El hombre de Endor dice con su voz gutural: «Es verdad... Provoca el llanto, pero son lágrimas que no dejan mal sabor...».

«No dejan mal sabor. Es verdad. Además... yo quisiera una cosa. Este llanto es también deseo».

«¿Qué quieres, padre?».

«¿Ves a este niño? Es mi nieto. Me ha quedado él, después del desprendimiento de tierras que hubo este invierno. Doras ni siquiera sabe que ha venido, porque le tengo en el bosque viviendo como si fuera un animal salvaje y no le veo sino los sábados. Si me lo descubre, o le aleja o le pone a trabajar... y entonces este tierno niño, sangre de mi sangre, estará en peores condiciones que una acémila... Para la Pascua pienso mandarle a Jerusalén con Miqueas, pues le llega el momento de hacerse hijo de la Ley... ¡Es el hijo de mi hija!...».

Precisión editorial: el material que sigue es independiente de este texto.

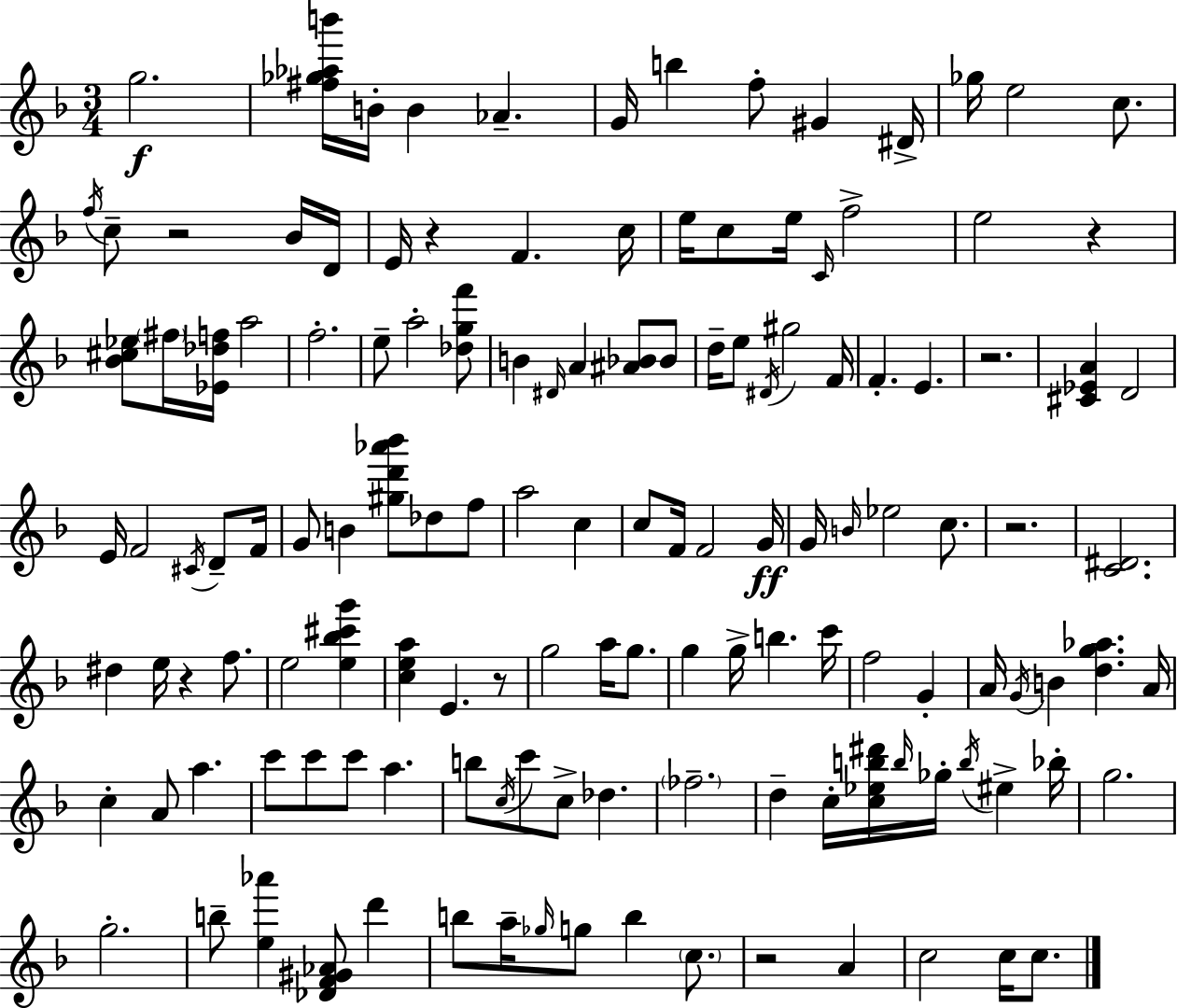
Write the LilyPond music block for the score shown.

{
  \clef treble
  \numericTimeSignature
  \time 3/4
  \key f \major
  g''2.\f | <fis'' ges'' aes'' b'''>16 b'16-. b'4 aes'4.-- | g'16 b''4 f''8-. gis'4 dis'16-> | ges''16 e''2 c''8. | \break \acciaccatura { f''16 } c''8-- r2 bes'16 | d'16 e'16 r4 f'4. | c''16 e''16 c''8 e''16 \grace { c'16 } f''2-> | e''2 r4 | \break <bes' cis'' ees''>8 \parenthesize fis''16 <ees' des'' f''>16 a''2 | f''2.-. | e''8-- a''2-. | <des'' g'' f'''>8 b'4 \grace { dis'16 } a'4 <ais' bes'>8 | \break bes'8 d''16-- e''8 \acciaccatura { dis'16 } gis''2 | f'16 f'4.-. e'4. | r2. | <cis' ees' a'>4 d'2 | \break e'16 f'2 | \acciaccatura { cis'16 } d'8-- f'16 g'8 b'4 <gis'' d''' aes''' bes'''>8 | des''8 f''8 a''2 | c''4 c''8 f'16 f'2 | \break g'16\ff g'16 \grace { b'16 } ees''2 | c''8. r2. | <c' dis'>2. | dis''4 e''16 r4 | \break f''8. e''2 | <e'' bes'' cis''' g'''>4 <c'' e'' a''>4 e'4. | r8 g''2 | a''16 g''8. g''4 g''16-> b''4. | \break c'''16 f''2 | g'4-. a'16 \acciaccatura { g'16 } b'4 | <d'' g'' aes''>4. a'16 c''4-. a'8 | a''4. c'''8 c'''8 c'''8 | \break a''4. b''8 \acciaccatura { c''16 } c'''8 | c''8-> des''4. \parenthesize fes''2.-- | d''4-- | c''16-. <c'' ees'' b'' dis'''>16 \grace { b''16 } ges''16-. \acciaccatura { b''16 } eis''4-> bes''16-. g''2. | \break g''2.-. | b''8-- | <e'' aes'''>4 <des' f' gis' aes'>8 d'''4 b''8 | a''16-- \grace { ges''16 } g''8 b''4 \parenthesize c''8. r2 | \break a'4 c''2 | c''16 c''8. \bar "|."
}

«¿Me lo confiarías a mí?... No llores. Tengo muchos amigos honrados, santos y sin hijos; le educarán santamente en mi camino...».

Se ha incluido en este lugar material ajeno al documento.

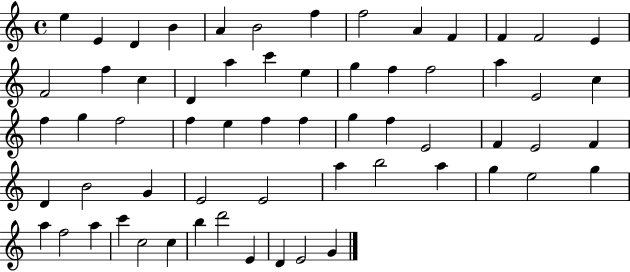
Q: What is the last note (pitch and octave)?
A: G4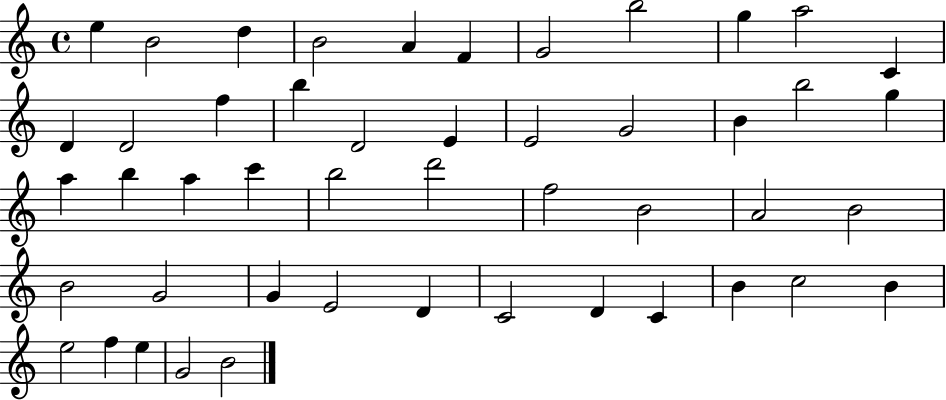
{
  \clef treble
  \time 4/4
  \defaultTimeSignature
  \key c \major
  e''4 b'2 d''4 | b'2 a'4 f'4 | g'2 b''2 | g''4 a''2 c'4 | \break d'4 d'2 f''4 | b''4 d'2 e'4 | e'2 g'2 | b'4 b''2 g''4 | \break a''4 b''4 a''4 c'''4 | b''2 d'''2 | f''2 b'2 | a'2 b'2 | \break b'2 g'2 | g'4 e'2 d'4 | c'2 d'4 c'4 | b'4 c''2 b'4 | \break e''2 f''4 e''4 | g'2 b'2 | \bar "|."
}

«¡Señor, desde que he tenido noticia de ti, lo he deseado! Al santo Jonás le rogaba — a él, que sabe lo que significa ser de este amo — que salvase a mi nieto de una muerte así...».

«Niño, ¿vendrías conmigo?».

«Sí, mi Señor, y no te haré sufrir».

«No se hable más».

191.4

«Pero... ¿a quién se lo piensas confiar?» pregunta Pedro tirándole a Jesús de una manga. «¿A Lázaro también?».

«No, Simón... Pero hay muchos que no tienen hijos...».

«Yo soy uno de ellos...». El rostro de Pedro parece incluso afilarse por este deseo.

«Simón, ya te he dicho[1] que habrás de ser el “padre” de todos los hijos que te voy a dejar en herencia, pero sin la cadena de ningún hijo tuyo propio. No te aflijas; eres demasiado necesario para el Maestro como para que el Maestro pueda prescindir de ti por un sentimiento. Soy exigente, Simón, más exigente que un marido celosísimo; te amo con toda predilección y te quiero todo para mí, todo mío».

«De acuerdo, Señor... De acuerdo... Hágase como quieres». El pobre Pedro se adhiere heroicamente a la voluntad de Jesús.

«Será hijo de mi Iglesia naciente. ¿De acuerdo? De todos y de ninguno. Será “nuestro” niño. Nos seguirá, o irá a donde nosotros estemos, cuando lo permita la distancia; sus tutores serán los pastores, que en todos los niños aman a “su” niño Jesús. Ven aquí jovencito. ¿Cómo te llamas?».

«Yabés de Juan, y soy de Judá» dice con tono firme el muchacho.

«Sí, somos judíos» confirma el anciano. «Yo trabajaba en las tierras de Doras en Judea y mi hija se casó con un hombre de aquella zona; trabajaba en los bosques cerca de Arimatea, pero este invierno...».

«He visto la desgracia[2]».

«El niño se salvó, porque esa noche estaba con un pariente lejano... ¡Verdaderamente le ha signado su nombre, Señor! Se lo dije a mi hija inmediatamente: “¿Es que te has olvidado de su antepasado?”. Pero el marido quiso llamarle así, y Yabés se llamó».

«“El niño[3] invocará al Señor. El Señor le bendecirá y dilatará sus fronteras. La mano del Señor está sobre su mano, no pesará ya el mal sobre él”. El Señor se lo concederá para consuelo tuyo, padre, y de los espíritus de los muertos, y para confortación de este huérfano.

Anotación

"Simón, te lo dije", en EMV 104.5. La última mención de Lázaro está en relación con el acontecimiento relatado en EMV 172.11.

"Vi la catástrofe", en EMV 139.2.

"¿Por qué este nombre? ¿No recuerdas el antiguo? "(...) "El niño invocará al Señor y el Señor lo bendecirá y ensanchará sus fronteras; la mano del Señor está en su mano y ya no se verá agobiado por la desgracia. " La cita está tomada de 1 Crónicas 4, 9-10.

Primer libro de las Crónicas 4, 9-10

1 Cr 4, 9-10 : Yabesh fue más honrado que sus hermanos. Su madre le dio el nombre de Yabesh (es decir, En Dolor), diciendo: "Yabesh invocó al Dios de Israel, diciendo: "Si en verdad me bendices, ensancharás mi territorio, tu mano estará conmigo y alejarás de mí la desgracia, para que termine mi angustia" Y Dios le concedió lo que había pedido.